Executive Summary: Ten Guidelines for Reducing Wasteful Government Spending

Report Budget and Spending

Executive Summary: Ten Guidelines for Reducing Wasteful Government Spending

February 12, 2003 4 min read
Brian Riedl
Brian Riedl
Senior Fellow, Manhattan Institute

Full Text

Weary taxpayers are looking to President George W. Bush and Congress to reduce the tax burden and set a course toward a balanced budget. The President has already proposed a bold plan to reduce the high tax rates currently weighing down the economy, and an overhaul of the 44,000-page U.S. federal tax code may also be proposed. Lower tax rates will reduce barriers to working, saving, and investing, and therefore promote long-term economic growth.

Taxing Americans less also means that Washington must learn to spend less. Lawmakers courageously restrained spending in the mid-1990s but have since abandoned fiscal responsibility in favor of bloated budgets that assume there is no problem bigger government cannot solve. For example:

  • Washington will spend $782 billion more from 2000 to 2003 than it did between 1996 and 1999--an increase of $5,000 per household.
  • At more than $73,000 per household, 2000-2003 will become the highest-spending four-year period in American history, with the exception of World War II.
  • Contrary to popular opinion, new defense spending comprises just 21 percent of the $782 billion spending increase. Massive spending increases for farm subsidies, education, health research, unemployment benefits, and dozens of small, lower-priority programs are collectively adding more new spending than defense.
  • For the first time since the earliest days of the Great Society in the 1960s, discretionary spending is growing even faster than entitlement programs.
  • These record spending increases have taken place even though the government's net interest payments on the national debt in 2000-2003 will cost $247 billion less than they did between 1996 and 1999.

All government spending--even that financed by borrowing--must eventually be paid for with taxes. The real cost of government therefore is how much it spends, not how much it taxes. The lesson is clear: Over the long run, low taxes are possible only with low spending.

Tax reduction is not the only reason to take a fresh look at federal spending. Many government programs harm the economy because they centralize authority with politicians and bureaucrats in Washington at the expense of entrepreneurs and families. Non-deserving interests use government to secure benefits and perks that private individuals and businesses would not otherwise provide them.

Time to Be Bold
Congress's last serious attempt to reduce wasteful spending occurred in 1995 and 1996, when the 104th Congress terminated several programs whose irrelevance was proven by how quickly they were forgotten. But Congress then committed several strategic errors, such as overreaching and shutting down the federal government in 1995. After President Bill Clinton deftly exploited theses mistakes, budget cutters overreacted to Clinton's tactics by completely abandoning the mission of smaller government. Federal spending subsequently skyrocketed as a paralyzed Congress decided that budget confrontations with the Clinton White House could never be won and should be avoided at all costs.

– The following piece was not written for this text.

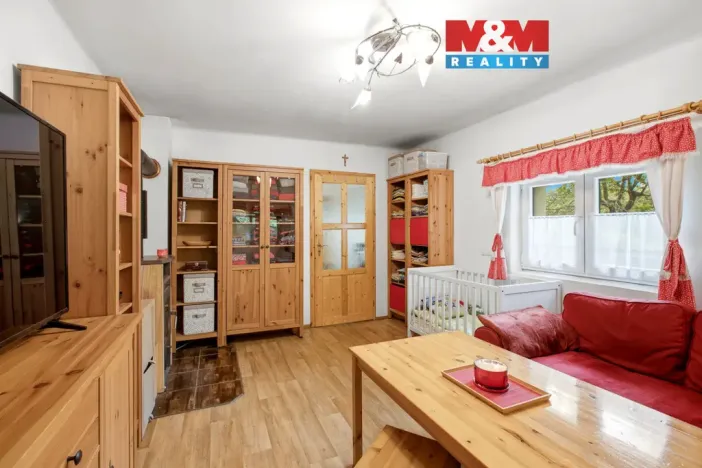 Prodej chaty, Nesvačily, 32 m2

In 2003, reducing wasteful spending is more important than ever. Defense, homeland security, and expensive entitlements are stretching the federal government thin while a high tax burden is weighing down the economy. Yet, although President Clinton is no longer in office and budget-cutting strategies have improved, Congress and (albeit to a lesser extent) President Bush still maintain a reflexive fear of attacking wasteful spending.

It is time to step back and think about the role of government, the obligations of the private sector, and the delineation between federal and state responsibilities. For those interested in lean, effective government with low taxes, here are 10 guidelines for reducing wasteful spending:

  1. Build a constituency for limited government and lower taxes.
  2. Turn local programs back to the states.
  3. Privatize activities that could be better performed by the private sector.
  4. Terminate irrelevant programs and reform wasteful programs.
  5. Terminate corporate welfare and other mistargeted programs.
  6. Consolidate duplicative and contradictory programs.
  7. Convert several remaining programs into vouchers.
  8. Terminate programs rather than trimming or phasing them out.
  9. Utilize the "ideas industry" for specific proposals.
  10. Remove procedural barriers to saving taxpayer dollars.

Conclusion
Difficult times present opportunities for leaders to chart a new course. During World War II, President Franklin Roosevelt reduced non-defense spending by 36 percent to save resources. Policymakers funded the Korean War by immediately reducing non-defense spending by 25 percent. Now, in 2003, defense, homeland security, and expanding entitlements are placing enormous demands on taxpayers and on the economy. Congress and the President should seize this opportunity to refocus the federal government on the programs that matter most. In the end, a government that attempts to do everything will do nothing well.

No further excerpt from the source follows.